I try to multiply three number but I get a strange result. Why I get so different results?
unsigned int a = 7;
unsigned int b = 8;
double d1 = -2 * a * b;
double d2 = -2 * (double) a * (double) b;
double d3 = -2 * ( a * b );
// outputs:
// d1 = 4294967184.000000
// d2 = -112.000000
// d3 = 4294967184.000000

In your first example, the number -2 is converted to unsigned int. The multiplication results in -112, which when represented as unsigned is 2^32 - 112 = 4294967184. Then this result is finally converted to double for the assignment.
In the second example, all math is done on doubles, leading to the correct result. You will get the same result if you did:
double d3 = -2.0 * a * b
as -2.0 is a double literal.

double is signed. Which means that the first bit (most significant bit aka sign bit) determines whether this number is positive or negative.
unsigned int cannot handle negative values because it uses the first bit (most significant bit) to expand the range of "positive" numbers it can express. so in
double d1 = -2 * a * b;
when executed, your machine puts the whole (-2 * a * b) in an unsigned int structure (like a and b) and it produces the following binary 1111 1111 1111 1111 1111 1111 1001 0000 (because it's the two's complement of 112 which is 0000 0000 0000 0000 0000 0000 0111 0000). But the problem here is that it's unsigned int so it's treated as a very big positive integer (which is 4294967184) because it doesn't treat the first 1 as a sign bit.
Then you put it in a double that's why you have the .00000 printed.
The other example, works because you typecast a to double and b to double so when multiplying -2 with a double, your computer will put it in a double structure, therefore, the sign bit will be considered.
double d3 = -2 * (double) (a * b)
will work as well.
To get a feeling about signed and unsigned, check this

double d1 = -2 * a * b;
Everything on the right hand side is an integral type, so the right hand side will be computed as an integral type. a and b are unsigned, so that dictates the specific type of the result. What about that -2? It's converted to an unsigned int. Negative integers are converted to unsigned integers using 2s complement arithmetic. That -2 becomes a very large positive unsigned integer.
double d2 = -2 * (double) a * (double) b;
Now the right hand side is mixed integers and floating point numbers, so the right hand side will be computed as a floating point type. What about that -2? It's converted to a double. Now the conversion is straightforward: -2 converted to a double becomes -2.0.
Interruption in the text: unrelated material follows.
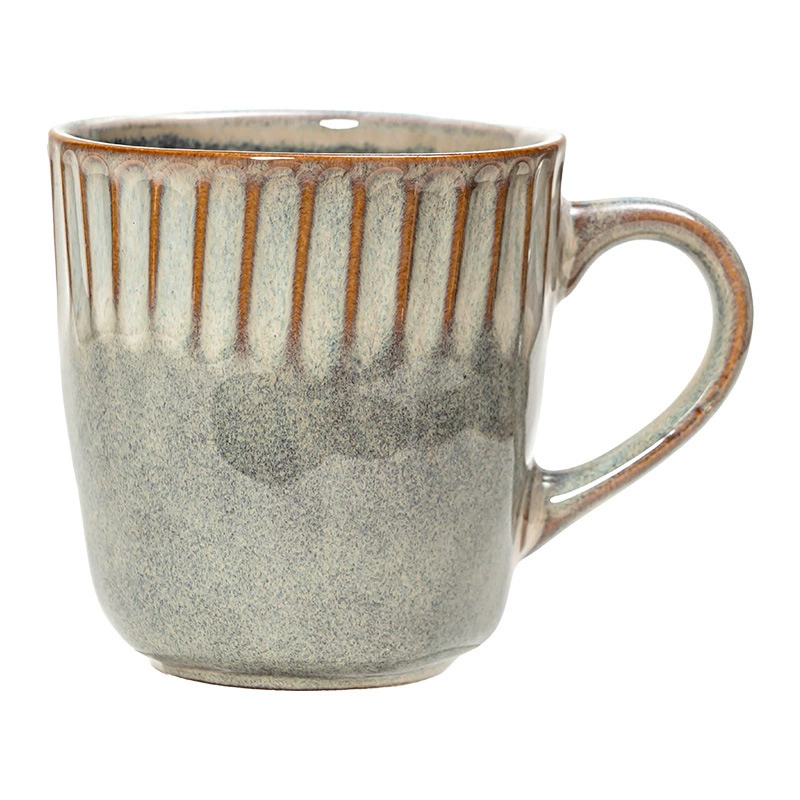 Single reactive glaze ceramic mug on white background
In C and C++ the built-in operators are always applied on two variables of the same type. A very precise set of rules guides the promotion of one (or two) of the two variables if they initially are different (or too small).
In this precise case, -2 is by default of type signed int (synonym to int) while a and b are of type unsigned int. In this case, the rules state that -2 should be promoted to an unsigned int, and because on your system you probably have 32 bits int and a 2-complement representation, this ends up being 2**32 - 2 (4 294 967 294). This number is then multiplied by a and the result taken modulo 2**32 (4 294 967 282), then b, modulo 2**32 once again (4 294 967 184).
It's a weird system really, and has led to countless bugs. The overflow itself, for example, led to the Linux bug on June 30th this year which hanged up so many computers around the world. I hear it also crashed a couple Java systems.

Related

Is a negative integer summed with a greater unsigned integer promoted to unsigned int?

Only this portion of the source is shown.